Problem statement
For the entries below, work out how many lines contain the string "wooden" and write only the number.

[Short text fragments from websites]
------------------------------------------------
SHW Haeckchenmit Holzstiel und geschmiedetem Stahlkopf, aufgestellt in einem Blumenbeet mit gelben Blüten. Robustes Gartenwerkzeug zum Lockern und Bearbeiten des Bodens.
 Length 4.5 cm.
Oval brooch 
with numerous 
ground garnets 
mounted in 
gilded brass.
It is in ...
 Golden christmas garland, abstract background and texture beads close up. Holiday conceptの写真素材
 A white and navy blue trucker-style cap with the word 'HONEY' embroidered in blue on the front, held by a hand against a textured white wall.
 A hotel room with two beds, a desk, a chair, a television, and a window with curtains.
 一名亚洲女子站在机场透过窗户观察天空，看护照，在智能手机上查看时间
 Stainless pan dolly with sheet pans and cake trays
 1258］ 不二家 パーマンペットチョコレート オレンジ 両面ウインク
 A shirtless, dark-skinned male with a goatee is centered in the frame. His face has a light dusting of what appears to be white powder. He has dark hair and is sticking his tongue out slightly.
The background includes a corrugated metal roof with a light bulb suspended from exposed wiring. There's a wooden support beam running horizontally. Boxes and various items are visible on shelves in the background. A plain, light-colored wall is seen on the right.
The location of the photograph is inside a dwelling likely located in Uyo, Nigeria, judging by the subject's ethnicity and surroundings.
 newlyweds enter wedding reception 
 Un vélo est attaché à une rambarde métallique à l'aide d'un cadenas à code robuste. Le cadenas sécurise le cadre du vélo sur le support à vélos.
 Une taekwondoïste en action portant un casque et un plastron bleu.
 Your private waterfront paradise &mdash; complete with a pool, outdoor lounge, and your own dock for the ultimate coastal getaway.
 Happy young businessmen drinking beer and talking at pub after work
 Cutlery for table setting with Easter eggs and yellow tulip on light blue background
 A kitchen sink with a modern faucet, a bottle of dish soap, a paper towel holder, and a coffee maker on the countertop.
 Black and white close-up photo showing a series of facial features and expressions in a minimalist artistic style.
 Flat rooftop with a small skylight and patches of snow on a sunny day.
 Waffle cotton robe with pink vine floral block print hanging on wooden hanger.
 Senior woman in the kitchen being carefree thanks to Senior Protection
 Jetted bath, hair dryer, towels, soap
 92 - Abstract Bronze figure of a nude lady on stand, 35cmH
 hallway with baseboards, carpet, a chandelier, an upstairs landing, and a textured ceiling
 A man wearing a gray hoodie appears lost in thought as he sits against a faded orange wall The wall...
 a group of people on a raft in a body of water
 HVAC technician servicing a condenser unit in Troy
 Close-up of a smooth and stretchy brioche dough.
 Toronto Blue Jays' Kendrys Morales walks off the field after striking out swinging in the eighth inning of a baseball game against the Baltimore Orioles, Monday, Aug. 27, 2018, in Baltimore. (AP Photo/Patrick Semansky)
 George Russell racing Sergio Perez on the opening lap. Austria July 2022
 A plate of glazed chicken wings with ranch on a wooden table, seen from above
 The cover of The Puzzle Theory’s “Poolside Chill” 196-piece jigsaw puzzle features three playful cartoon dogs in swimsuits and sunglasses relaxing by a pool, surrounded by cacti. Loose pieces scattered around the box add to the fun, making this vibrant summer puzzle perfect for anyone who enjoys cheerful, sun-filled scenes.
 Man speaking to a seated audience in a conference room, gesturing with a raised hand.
------------------------------------------------
Problem solution
3